Exercise directions:
Your output is to hold only the lines from the one showing "Dark Ampersand - A" through the end of the listing, exactly, with every picture excluded.

Material for the task:
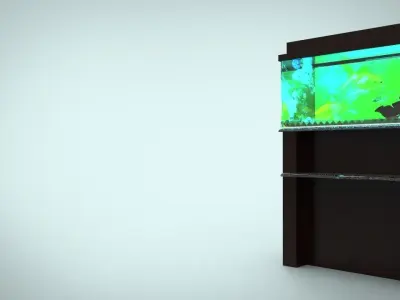 Aquarium 150 L 3D model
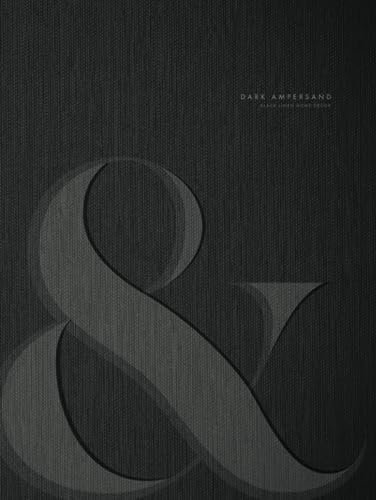 Dark Ampersand - A Black Linen Home Decor Book for Stacking and Coffee Table Display | Hard Cover Book with Realistic Fabric Effect: Ideal for ... Grid Journal Pages Inside (Designer Decor)
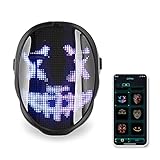 CHEMION Led Maske mit Bluetooth Programmierbar, Led Leuchtende Maske...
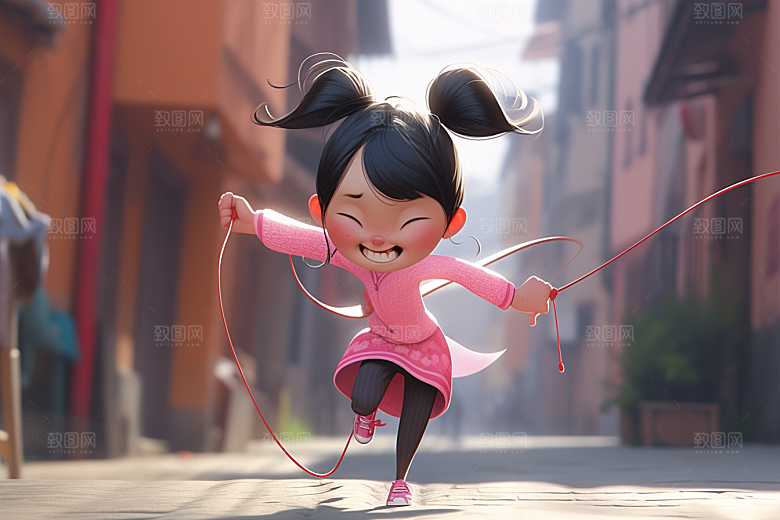 快乐儿童六一儿童节形象模型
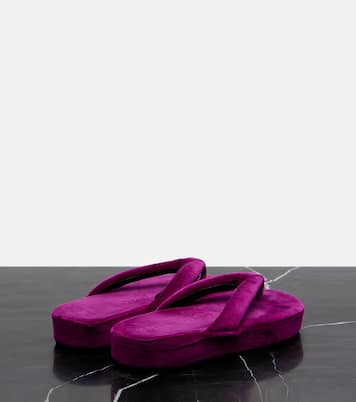 صندل بصباع بلاتفورم من المخمل Jet Lag | Balenciaga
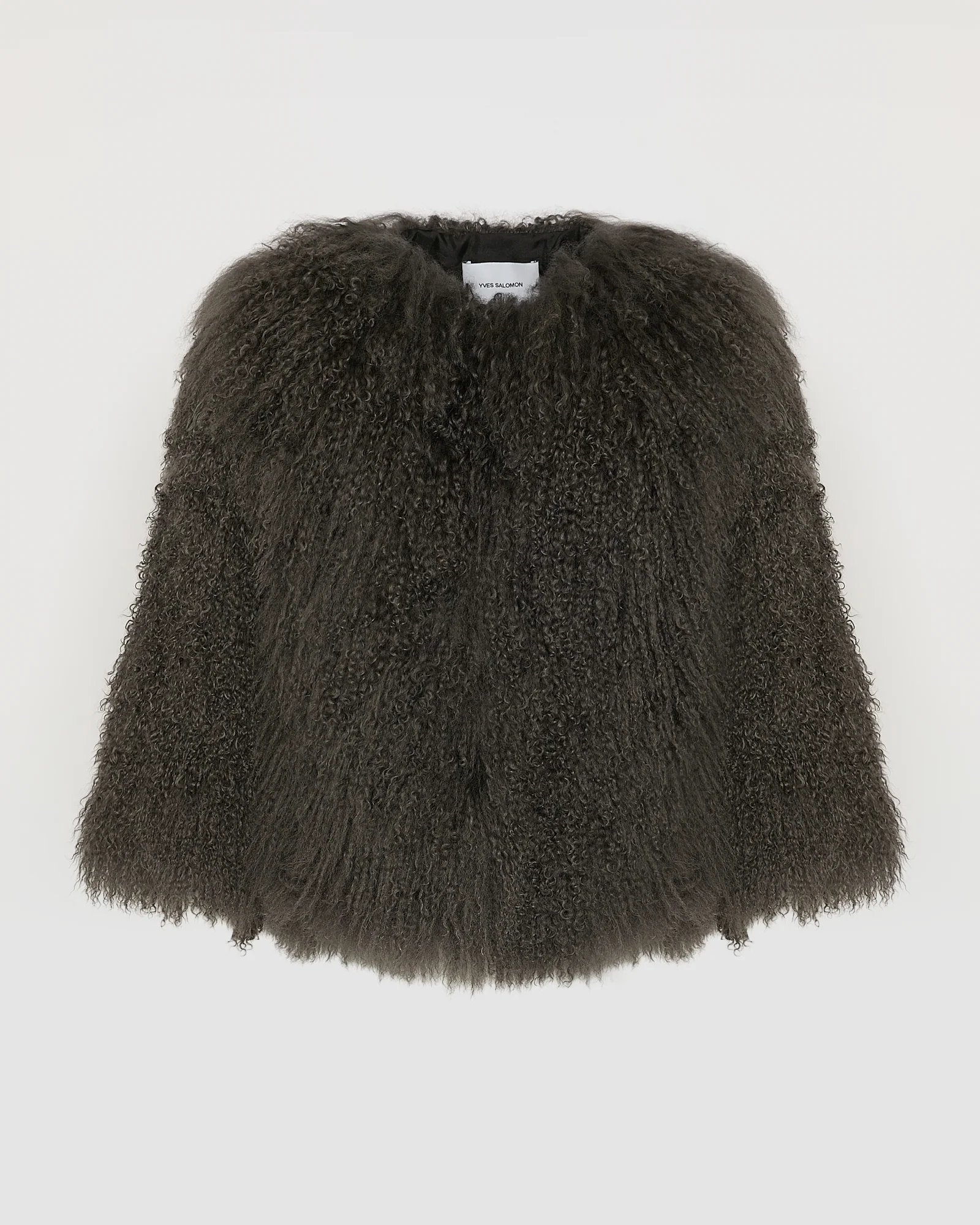 Veste courte en agneau de Mongolie - Image 4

Task result:
 Dark Ampersand - A Black Linen Home Decor Book for Stacking and Coffee Table Display | Hard Cover Book with Realistic Fabric Effect: Ideal for ... Grid Journal Pages Inside (Designer Decor)
 CHEMION Led Maske mit Bluetooth Programmierbar, Led Leuchtende Maske...
 快乐儿童六一儿童节形象模型
 صندل بصباع بلاتفورم من المخمل Jet Lag | Balenciaga
 Veste courte en agneau de Mongolie - Image 4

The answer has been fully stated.